The Buyi batik has been famous for thousands of years and the Buyi people are taught to create it at a young age. Batik is created by painting patterns on white cloth with wax. The cloth is then dipped into a bath of indigo dye. When the cloth has dried, the wax is scraped off and then the cloth is boiled to remove all of the wax left in the cloth. The areas where the wax was are white, while the surrounding areas are indigo. Common designs used in batik production are flowers, waves, and chains. In recent years, more modern designs have been created. Buyi people are also known for their embroidery. Originally used only for their own clothing, in recent years, the Buyi people have started selling their embroidered cloth to the public.
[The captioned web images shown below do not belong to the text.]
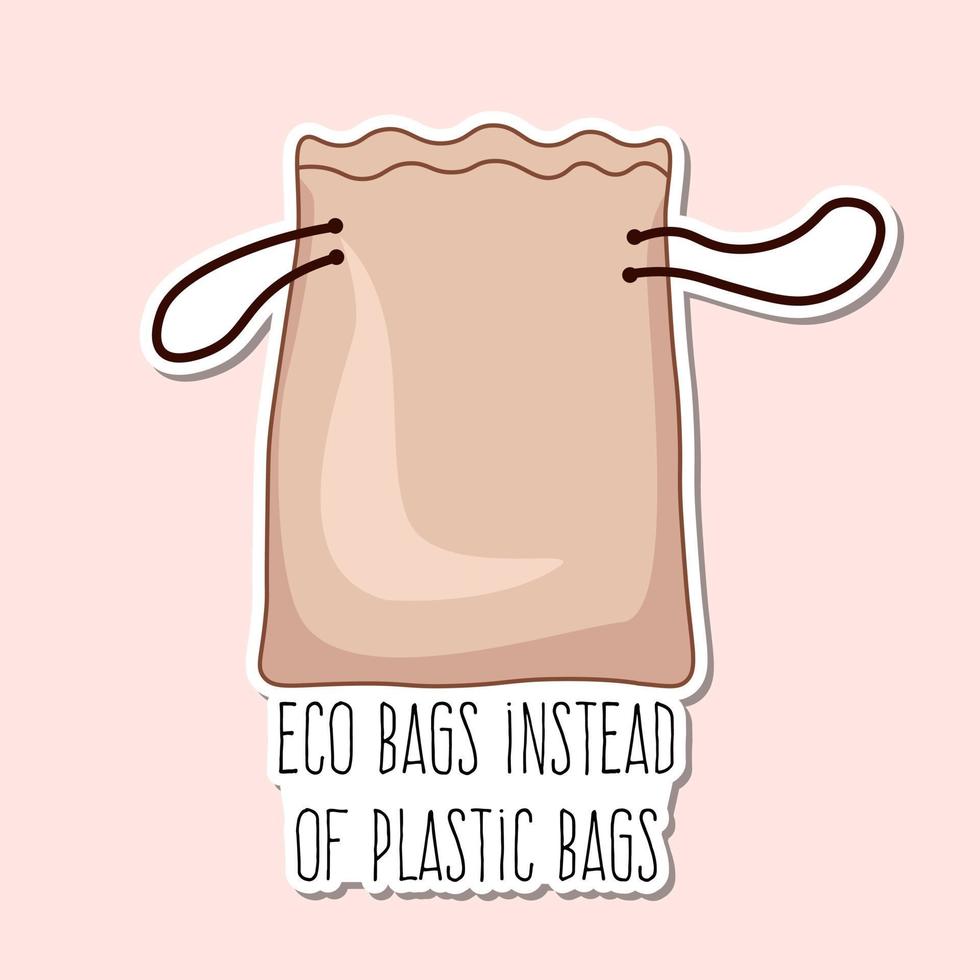 vector eco pegatina con eco pantalones inscripción y Respetuoso del medio ambiente bio paquete aislado en rosado antecedentes.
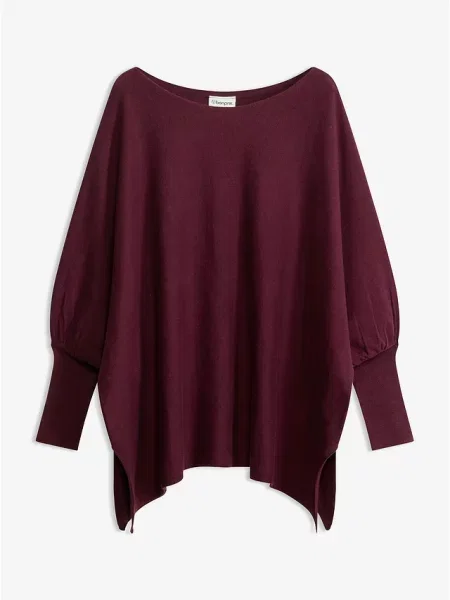 Sweter-peleryna z falistym brzegiem czerwony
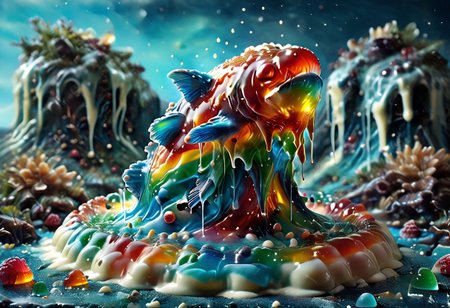 high quality, (Domination of the blue color:2), Jellystyle, stone bridge<lora:bad_prompt_version2-neg:1> <lora:By bad artist -neg:1>  <lora:Jelly_Style:1> (rainbow color grading:1.5). (Icing milk:2). (Sugar coating :1). berry made of jelly. River of milk. ais-chocsauce Mountains. Crystallized Sugar Rain. The floor is covered with honey. Multi-colored Jellystyle bears.
(Fish) Made of gum with glowing precious stones is shown into the jello realm. From the right of the frame, the Jellystyle bears, fishing, jumping fish.
CastleBreizh XL Mk8 on the left.
Asymetric composition, dynamic pose, field of depth, grass in the foreground. Close-up view from below.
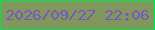 文字の大きさ：2、枠の色：03e154、背景の色：80985b、文字の色：7854c4 無料ブログパーツのブログ時計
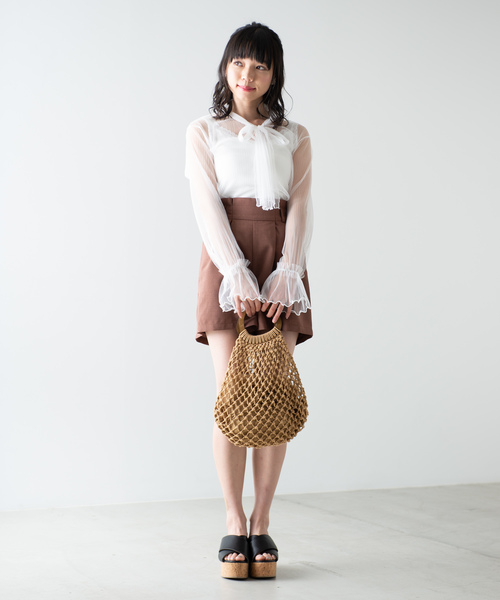 WEGO（ウィゴー）の「WEGO/チュールリボンブラウス（シャツ/ブラウス・レディース・ホワイト/ブラック・FREE）」の4枚目の写真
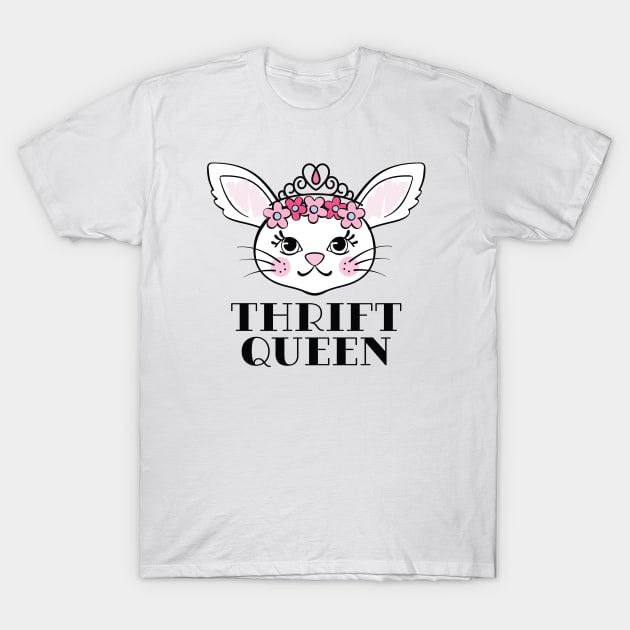 Cute Bunny Thrift Queen T-Shirt by Crisp Decisions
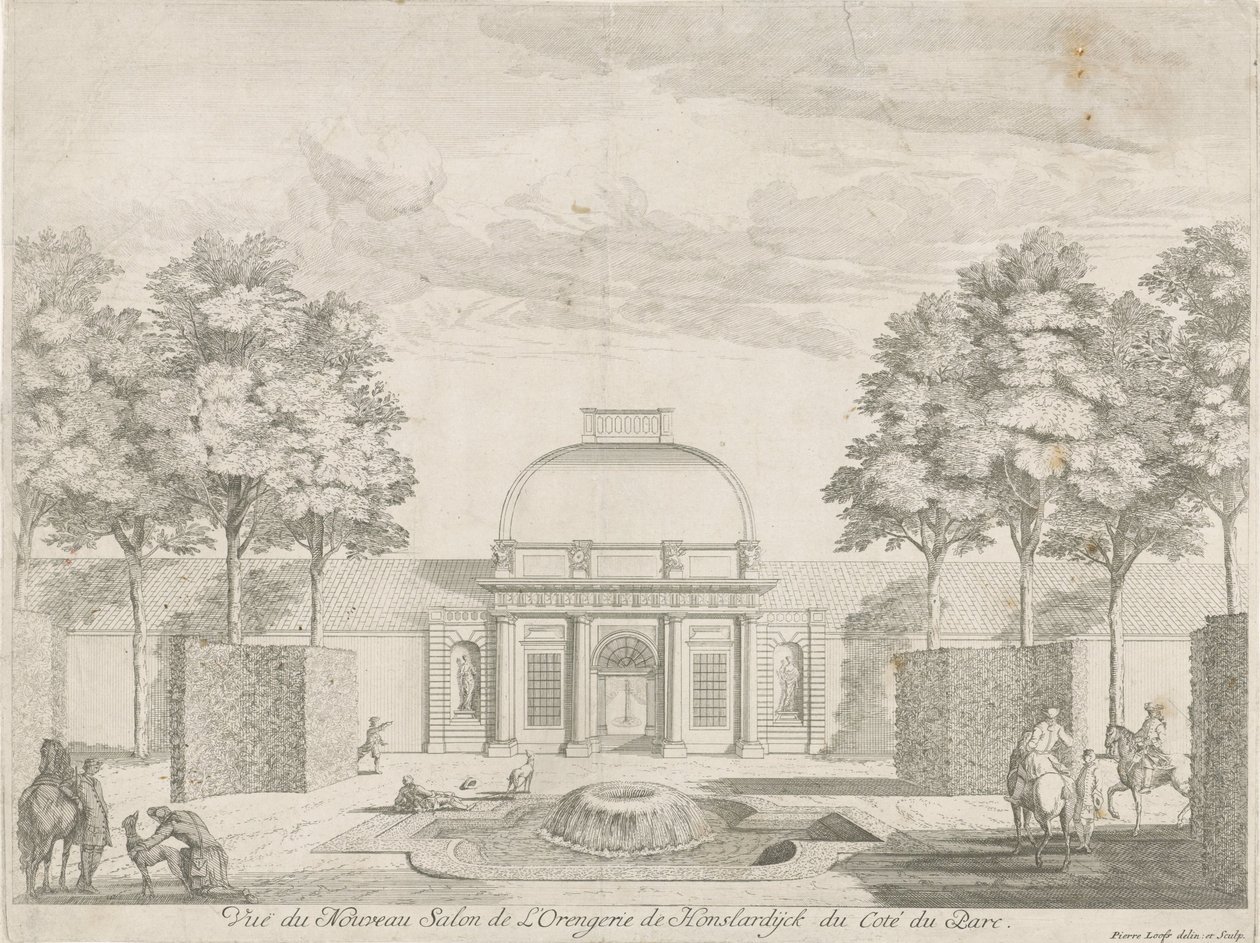 Orangerie von Honselersdijk, vom Park aus gesehen von Pieter Loofs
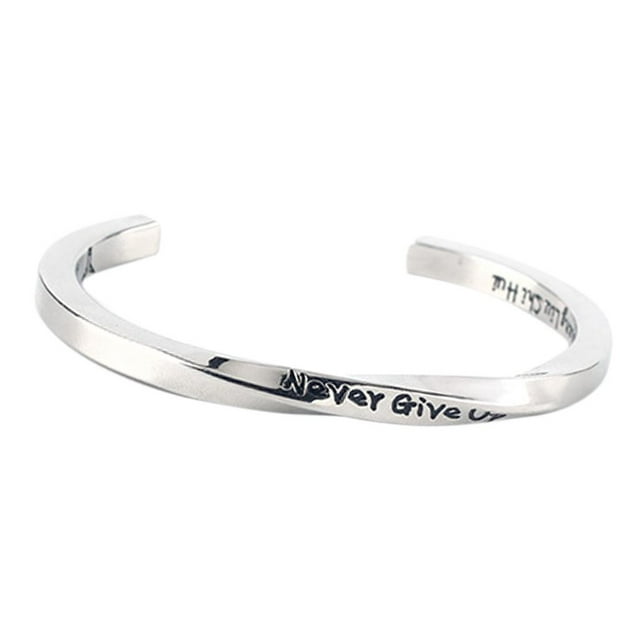 Brazalete inspirador de acero inoxidable Nunca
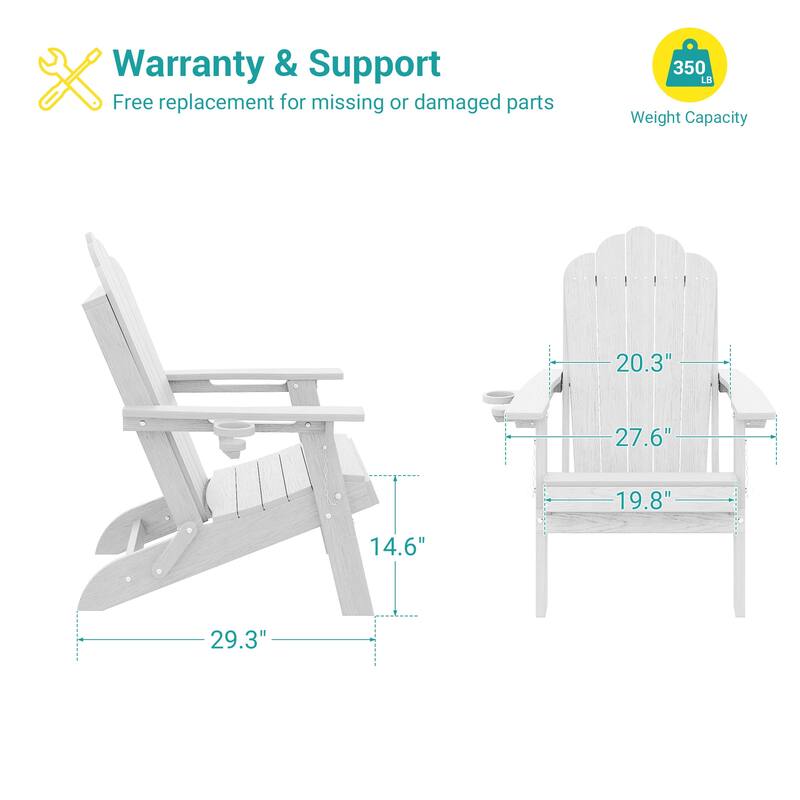 Foldable HDPE Adirondack Chair All-Weather W/ Cup Holder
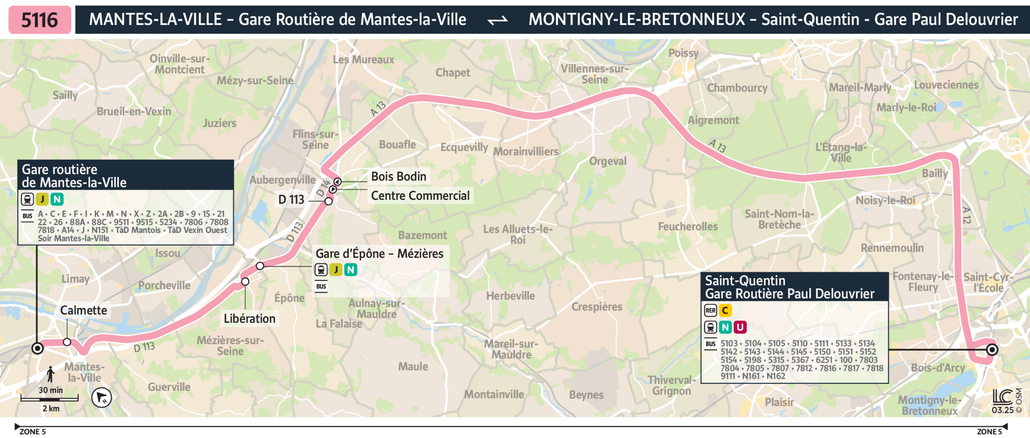 Bus line route 5116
The Buyi festivals revolve around forming new and renewing old friendships. The festivals are usually held in the forests, or on the hills surrounding the village. The festivals are huge community parties that include singing, dancing, games, and courtship activities. The Chabai Singing Festival is held from the 21st to the 23rd day of the 6th lunar month on the Chinese calendar. Tens of thousands of visitors from neighboring villages, provinces and even countries come to witness and participate in the festival. The main activity during the festival is singing contests. During the day, the singing contests are held in the village open areas, but in the evening it is performed in the courtyards and houses of the locals. The Ox-King Festival is held on the first day of plowing. The most interesting part of the Ox-King Festival is the multi-colored rice that is eaten. Each family takes rice and dyes it into five different very bright colors. The rice is then steamed. The rice is offered to the ancestors, and then half of the rice is fed to their oxen who are then allowed to rest for the remainder of the day. The festival known as the March 3rd Festival celebrates the local mountain and village gods.
The Buyi ethnic minority group like all of the minority groups in Guizhou is very unique. Its ancient customs and traditions have been kept alive and even in today's modern age, the Buyi people still continue to wear their traditional clothing. Their colorful customs have intrigued visitors very many years, and Guizhou's minority groups are starting to draw more visitors each year.